America's drive toward equal rights for women could gain impetus from the forthcoming Reagan campaign even though doubts were raised by the platform controversy on the issue. Reasons for hope emerged as rights advocates, including Mr. Reagan's own daughter Maureen, made their concerns plain to him during the convention, and he responded with a statement of support.
If he follows through on it as a campaigner, he could help Americans understand how to reduce discrimination against women without waiting for the proposed ERA.
For example, he could spell out some of the federal and state laws he believes would address remaining areas of discrimination more speedily and sensitively than court decisions based on an Equal Rights Amendment. He need not wait to be president to start fulfilling his pledge to seek out and correct discriminatory federal laws; the US Civil Rights Commission has already cited hundreds of them as a reason for ratifying the ERA.

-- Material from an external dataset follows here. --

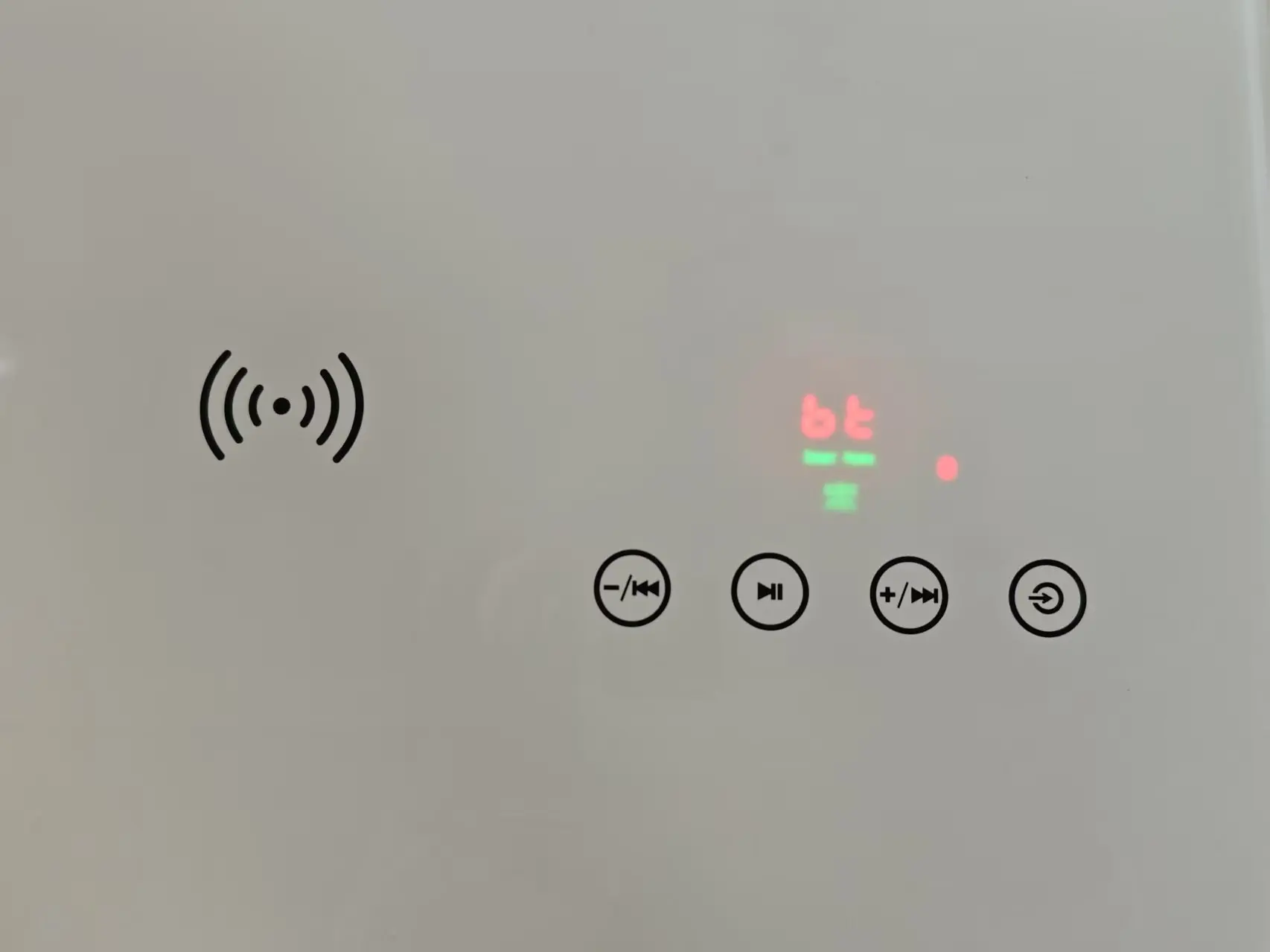 Moderner Design-Lautsprechertisch aus gehärtetem Glas, USB-/Typ-C-Anschlüsse, kabelloses Laden, multifunktionale Audiomöbel für Zuhause/Büro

As for the platform's equal rights plank, which abandons the party's long support of the ERA, he calls it the most comprehensive plank the GOP has ever had. Sen. Nancy Kassebaum, a staunch ERA supporter, says the plank's proposals do offer means for progress but not if the party and its candidates simply leave them there without going to bat for them. Of course, not only Republicans could come to the aid of the republic by speaking and acting effectively on rights.
Maureen Reagan says she will continue her fight for the ERA even as she campaigns for her father. "Anyone who wants to stop me will have to outlive me, " she adds. She ruefully smiles and recalls she has been trying to convince her father to back the ERA for years. But she makes the best of the platform bu suggesting that a simple endorsement of ERA would not prompt as much action as the present elaboration of issues that must be addressed now with or without the ERA.
"I don't think equality is a debatable issue," she says with another Reagan smile. "But that's my opinion." It's ours, too. But the GOP convention illustrated that the means to equality are indeed debatable. The point is to be sure not to leave the equality waiting until every debate is settled.